• **TASK**
Number of lines below with the word "handbag": give it and nothing more.

• **Short web captions**
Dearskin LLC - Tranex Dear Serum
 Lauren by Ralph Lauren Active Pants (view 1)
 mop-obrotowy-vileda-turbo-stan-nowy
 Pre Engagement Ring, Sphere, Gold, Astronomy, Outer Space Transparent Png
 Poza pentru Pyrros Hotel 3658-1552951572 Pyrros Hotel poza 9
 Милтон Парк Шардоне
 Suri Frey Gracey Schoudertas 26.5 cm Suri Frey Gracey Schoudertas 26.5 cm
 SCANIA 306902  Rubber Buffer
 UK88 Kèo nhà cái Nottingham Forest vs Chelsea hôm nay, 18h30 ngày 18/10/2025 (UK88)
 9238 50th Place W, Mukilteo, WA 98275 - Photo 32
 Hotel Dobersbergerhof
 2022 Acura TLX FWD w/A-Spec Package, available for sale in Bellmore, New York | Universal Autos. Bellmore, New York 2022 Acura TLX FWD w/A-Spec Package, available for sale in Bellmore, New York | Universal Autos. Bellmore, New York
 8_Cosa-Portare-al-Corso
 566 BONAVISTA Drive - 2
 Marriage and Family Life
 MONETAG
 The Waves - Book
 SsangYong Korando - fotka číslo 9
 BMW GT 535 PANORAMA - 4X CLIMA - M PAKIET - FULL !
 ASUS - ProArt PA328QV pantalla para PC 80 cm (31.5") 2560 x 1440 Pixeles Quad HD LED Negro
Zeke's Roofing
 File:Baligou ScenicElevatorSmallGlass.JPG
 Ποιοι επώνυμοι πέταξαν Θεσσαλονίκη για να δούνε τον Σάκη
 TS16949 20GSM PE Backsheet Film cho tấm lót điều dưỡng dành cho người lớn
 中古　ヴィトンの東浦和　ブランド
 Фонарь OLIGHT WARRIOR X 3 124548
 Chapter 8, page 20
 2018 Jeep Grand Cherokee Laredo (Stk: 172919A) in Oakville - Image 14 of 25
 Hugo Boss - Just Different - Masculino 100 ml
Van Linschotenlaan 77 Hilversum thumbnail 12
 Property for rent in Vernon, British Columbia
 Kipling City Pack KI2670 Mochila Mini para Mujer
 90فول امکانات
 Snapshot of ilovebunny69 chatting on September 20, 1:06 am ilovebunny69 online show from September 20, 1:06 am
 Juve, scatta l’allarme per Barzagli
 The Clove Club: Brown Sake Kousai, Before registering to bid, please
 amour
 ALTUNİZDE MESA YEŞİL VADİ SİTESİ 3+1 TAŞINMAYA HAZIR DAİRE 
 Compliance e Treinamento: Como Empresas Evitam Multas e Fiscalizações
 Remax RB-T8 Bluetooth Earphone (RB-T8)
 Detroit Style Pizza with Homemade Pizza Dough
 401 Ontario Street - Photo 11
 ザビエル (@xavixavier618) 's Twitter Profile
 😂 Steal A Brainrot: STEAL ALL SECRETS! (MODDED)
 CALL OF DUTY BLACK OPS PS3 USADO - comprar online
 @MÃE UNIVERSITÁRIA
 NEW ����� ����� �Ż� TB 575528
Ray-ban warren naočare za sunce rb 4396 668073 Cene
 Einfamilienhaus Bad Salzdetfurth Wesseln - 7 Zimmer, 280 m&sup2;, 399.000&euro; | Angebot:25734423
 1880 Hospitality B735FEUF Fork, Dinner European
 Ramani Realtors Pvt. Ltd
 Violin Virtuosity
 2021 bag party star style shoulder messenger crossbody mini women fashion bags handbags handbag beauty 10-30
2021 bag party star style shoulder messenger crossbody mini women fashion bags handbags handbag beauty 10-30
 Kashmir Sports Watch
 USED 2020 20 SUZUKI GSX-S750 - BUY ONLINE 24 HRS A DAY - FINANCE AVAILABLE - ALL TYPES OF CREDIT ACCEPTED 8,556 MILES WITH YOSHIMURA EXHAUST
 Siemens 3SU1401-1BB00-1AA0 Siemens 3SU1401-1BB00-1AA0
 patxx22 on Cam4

• **OUTPUT FOR THIS EXERCISE**
2